巨(おお)きな横っ腹を膨(ふく)らませて、足を曲げたまま、真っ黒になっていた。
まだ多少の呼吸(いき)をしているらしく、唇から白い泡が煮えていた。
介は、思わず眼をそらした。
曠野(こうや)は、真っ赤に染まっている。
誰か来て消さない以上、この火は、あしたの朝までつづくかも知れない。
それにしても、十八公麿が、こちらに見えないのはまだ不安である。
安心するには早すぎる。
一人で、六条まで帰れるはずはないし、さだめし、どこかで泣いて、自分の姿をさがしているにちがいない――
「おうっ――いッ」
介は、両手は唇のはたに当てて、全身の声で呼んでみた。
「和子さまあッ――」
返辞はなく、声は、いたずらに、野末のあらしになって、真っ暗に、消えてゆく。
「…………」
呼ぼうとして、涙が、眼につきあげてきた。
もしものことがあったらどうしよう、腹を切って、おわびをしても済まないことだ。
さっきの牛よりも、狼狽(ろうばい)して、狂気じみた彼の影が、それから脱兎のように、野を駈けまわったが、十八公麿は見えないのである。
「どこへおいで遊ばしたぞ。――介はここにおりますぞ。十八公麿様っ」
声も、おろおろとしてくるのであった。
すると、河岸へ寄った堤(どて)の上を一人の男が、誰やら、背に負って走って行くのが見えた。

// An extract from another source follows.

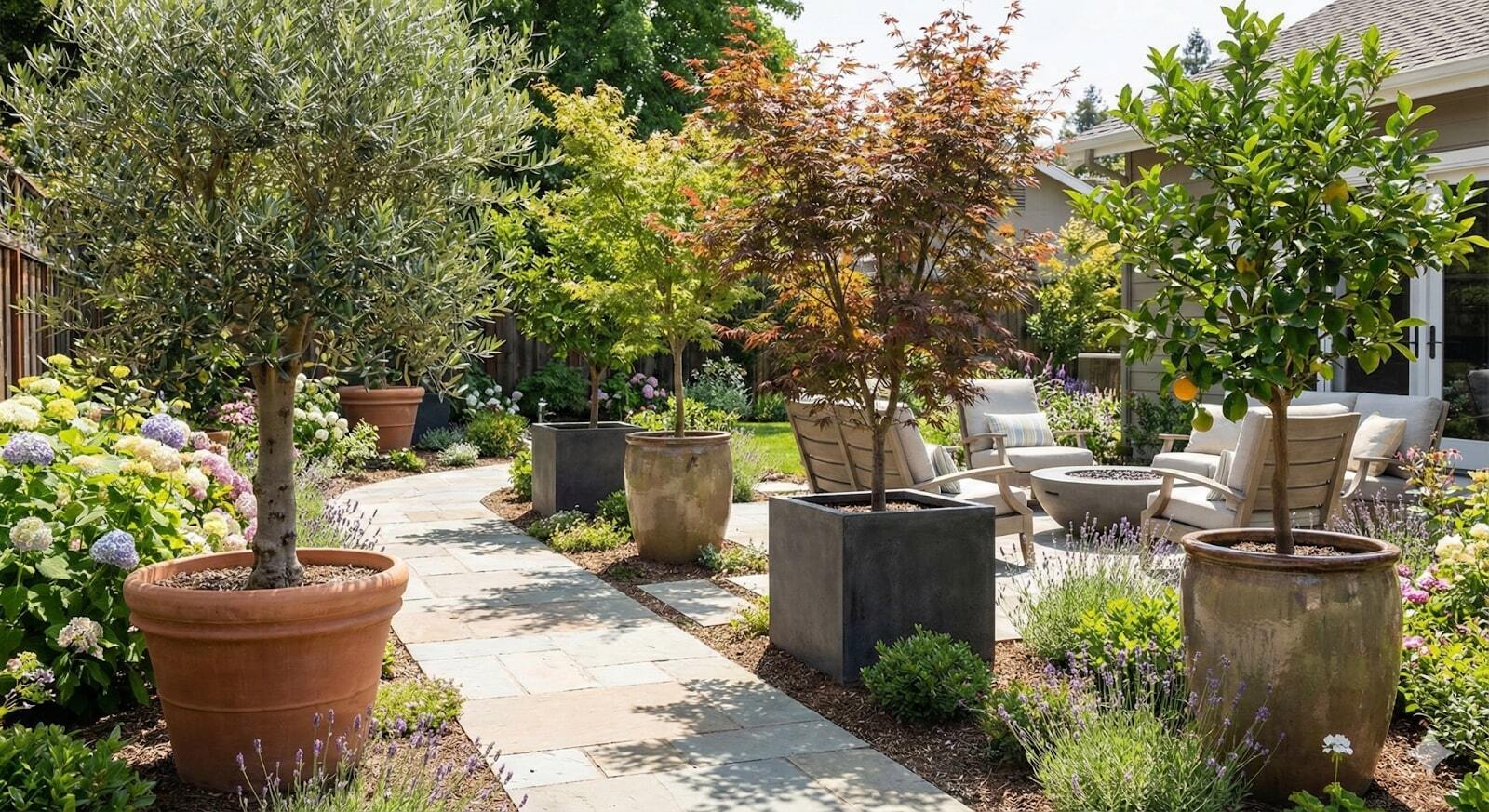 Landscaped backyard garden with a stone path, seating area, and varied large trees in stylish pots.
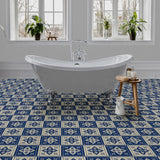 Perfection Floor Tile Geo Collection Blue Lotus/Satin 20-in x 20-in Water-Resistant Interlocking Luxury Vinyl Tile Flooring, 16.7-sq ft Carton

堤の下まで、炎は這っていたし、空が赤いので、黒い人影が、はっきりと介の眼に映じた。
「やっ、和子様ではないか。
――そうだ、和子様にちがいない。
おのれ、成田の郎党めが」
夜叉のように、介は、堤を目がけて飛んで行ったが、枯れ芦の沼がいちめんに、そこを隔ててするので、遠く迂回(まわ)らなければ、堤にはのぼれなかった。
気が急(せ)くし、足は自由にならない。
沼水はかなり深かった。
介は膝まで濡れた足をもどして、半町ほど後ろから、堤へ這い上がった。
もう、さっき見た人影は、遠く去って、わからなかった。
介は、地だんだを踏んで、
「畜生」
と、さけんだ。
そして、堤の上を、鬼のように髪を後ろへなびかせて走った。
烏帽子(えぼし)は背へ落ちて、躍っていた。